猟銃を用いた駆除についてもハンターの人手不足や高齢化の問題が横たわる。高木所長は「国や県などが連携し、どのような手続きを踏み、どんな方法で駆除するか検討の必要がある。対策は待ったなしだ」と強調する。
悠久の森 守り触れ合う 保全と観光活用の両立 課題
青森、秋田両県にまたがる白神山地が、国連教育科学文化機関(ユネスコ)の世界自然遺産に国内で初めて登録されてから、11日で30年となる。ブナ原生林が残る白神の森を次世代にどうつなげるのか。自然環境の保全と観光資源としての活用の両立が、課題として浮上している。
白神山地は、東アジアで最大級の原生的なブナ林と多様な動植物の生態系が高く評価され、1993年に屋久島とともに世界自然遺産に登録された。
約13万ヘクタールの広大な山岳地帯のうち、登録対象地域は約1万7000ヘクタール。保全のために歩道などを整備しない「核心地域」と、周囲の「緩衝地域」で構成する。
80年代初期、青森県西目屋村と秋田県八峰町を結ぶ「青秋林道」建設の反対運動をきっかけに、白神山地保護の機運が高まり、世界遺産登録につながった。
注目を集めた一方、入山者数は伸び悩んできた。
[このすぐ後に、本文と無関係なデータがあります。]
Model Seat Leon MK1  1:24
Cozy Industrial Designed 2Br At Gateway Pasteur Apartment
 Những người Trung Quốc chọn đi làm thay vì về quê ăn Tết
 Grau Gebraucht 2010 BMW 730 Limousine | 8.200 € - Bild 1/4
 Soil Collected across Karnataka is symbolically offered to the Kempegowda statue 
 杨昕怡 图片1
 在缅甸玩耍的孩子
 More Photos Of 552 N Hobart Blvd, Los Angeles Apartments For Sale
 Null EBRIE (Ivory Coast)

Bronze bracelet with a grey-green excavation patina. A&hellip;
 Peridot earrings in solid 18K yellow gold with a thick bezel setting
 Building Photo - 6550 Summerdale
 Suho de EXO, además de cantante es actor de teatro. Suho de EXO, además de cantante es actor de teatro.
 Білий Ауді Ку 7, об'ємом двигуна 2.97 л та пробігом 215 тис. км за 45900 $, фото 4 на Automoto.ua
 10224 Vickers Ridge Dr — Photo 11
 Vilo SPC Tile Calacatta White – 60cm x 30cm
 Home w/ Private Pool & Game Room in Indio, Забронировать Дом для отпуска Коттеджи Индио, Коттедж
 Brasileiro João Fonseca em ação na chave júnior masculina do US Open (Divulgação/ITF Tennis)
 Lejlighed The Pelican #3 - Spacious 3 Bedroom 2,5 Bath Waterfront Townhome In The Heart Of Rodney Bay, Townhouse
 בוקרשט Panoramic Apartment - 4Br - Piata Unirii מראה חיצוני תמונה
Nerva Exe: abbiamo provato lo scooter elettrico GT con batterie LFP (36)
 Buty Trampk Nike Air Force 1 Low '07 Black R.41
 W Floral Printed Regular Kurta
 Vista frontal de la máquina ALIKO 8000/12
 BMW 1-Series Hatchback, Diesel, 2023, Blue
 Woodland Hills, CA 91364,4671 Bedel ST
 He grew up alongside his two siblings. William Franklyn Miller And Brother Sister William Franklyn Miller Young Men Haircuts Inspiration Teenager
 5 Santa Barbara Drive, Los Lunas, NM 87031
核心地域は、青森県側では事前届け出をすれば指定ルートで入山できるのに対し、秋田県側は原則禁止。白神山地は「入れない山」とのイメージがつきまとう。
2004年に約8万1000人いた入山者は、集計を取る観測地点が2カ所増えたにもかかわらず、22年は約1万6000人に減少。地域ではインバウンド(訪日客)を含む観光客の誘致策が模索されている。
青森県は来年1月20日、弘前市の弘前文化センターで、登録30周年を記念したシンポジウムを開く。白神山地について学ぶ地元小学生による創作劇や、現役のマタギや宮下宗一郎知事らによるパネル討論がある。